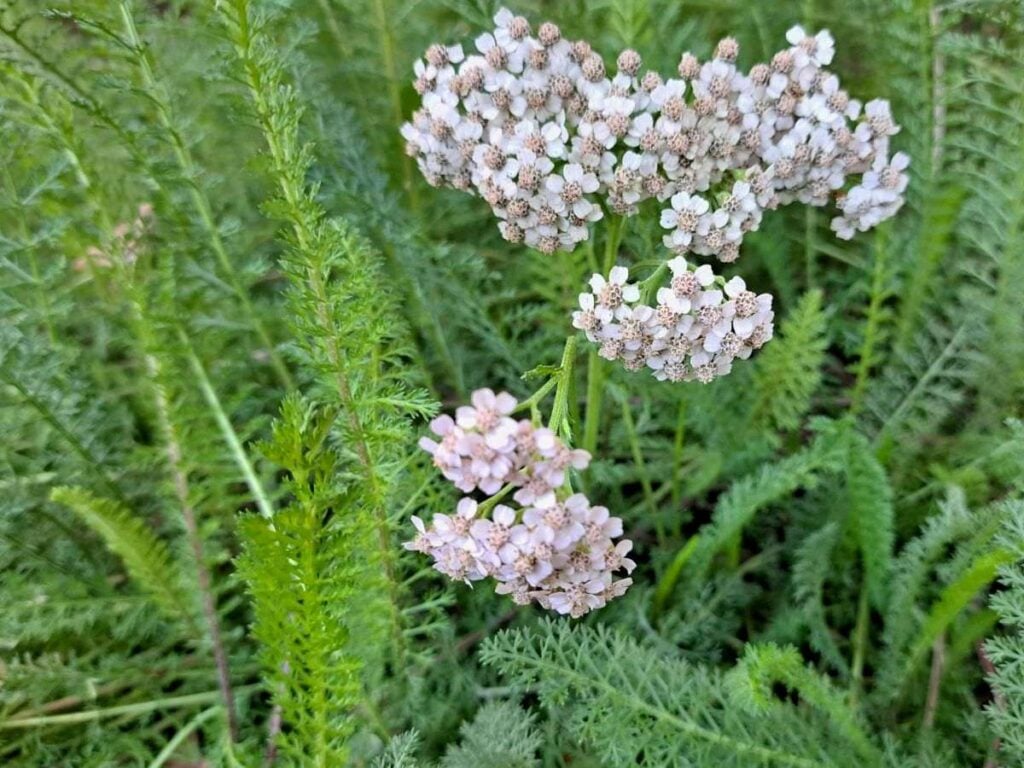 A close up of white yarrow flowers and leaves.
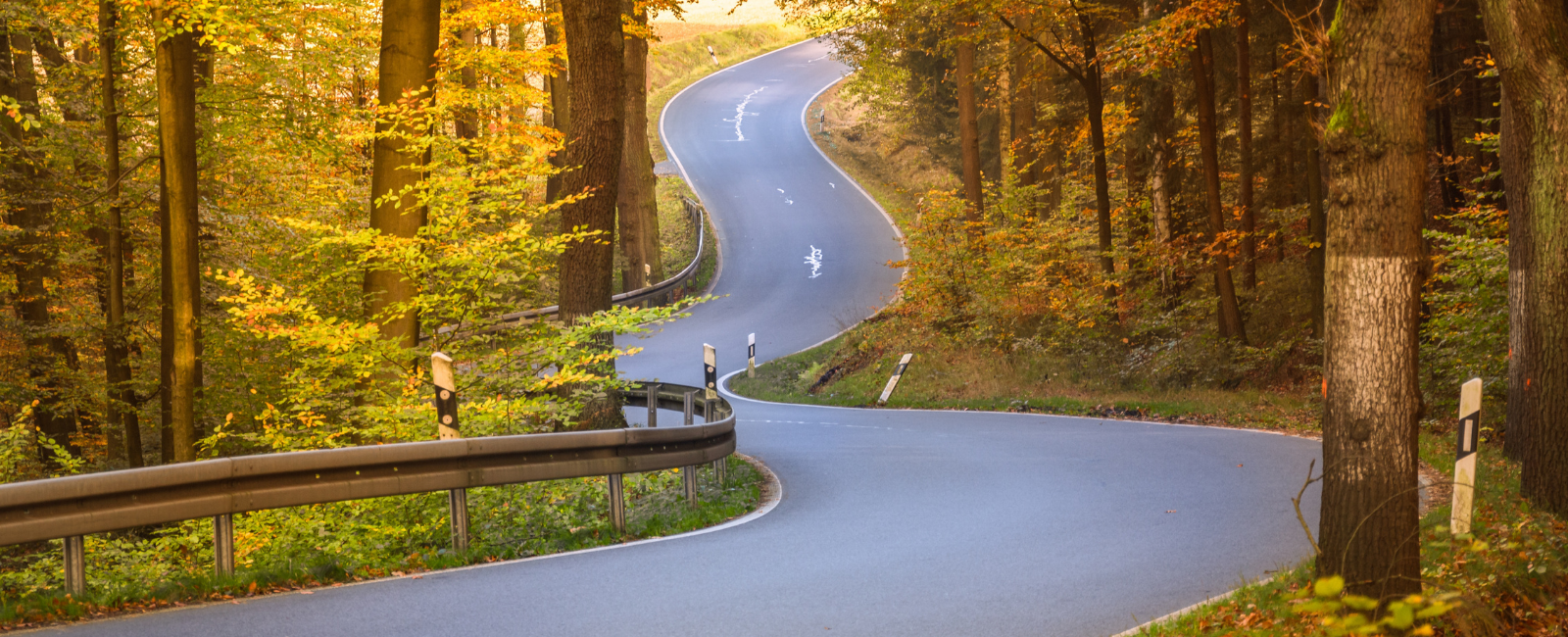 Winding road with trees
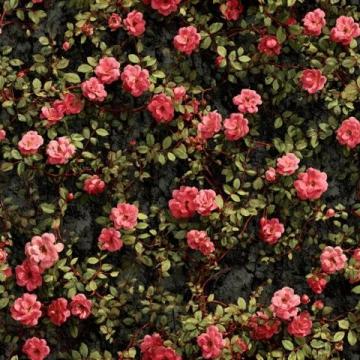 美倫堡薔薇花墻全攻略:避開(kāi)人群，觸手可及的五顏六色花朵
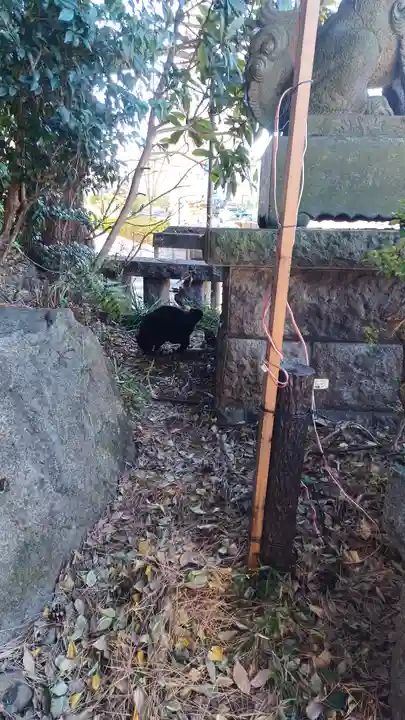 代々木八幡宮の動物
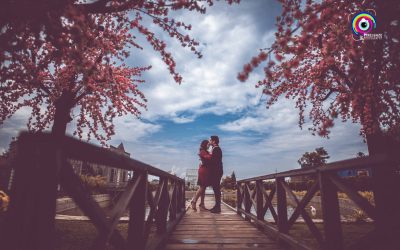 Pixelgaze Photography_Anmol + Kriti_214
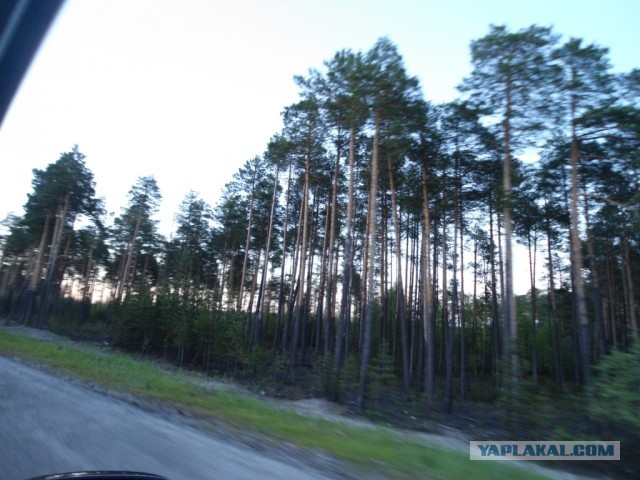 Красота! Лето на Ямале. Фото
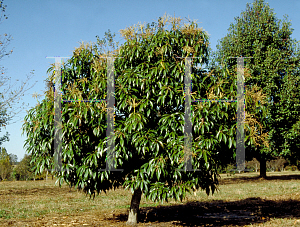 Picture of Lithocarpus henryi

▶ _WHAT IS REQUIRED_
The whole listing above is to be repeated exactly, apart from its pictures.

▶ _FINISHED TASK_
 A close up of white yarrow flowers and leaves.
 Winding road with trees
 美倫堡薔薇花墻全攻略:避開(kāi)人群，觸手可及的五顏六色花朵
 代々木八幡宮の動物
 Pixelgaze Photography_Anmol + Kriti_214
 Красота! Лето на Ямале. Фото
 Picture of Lithocarpus henryi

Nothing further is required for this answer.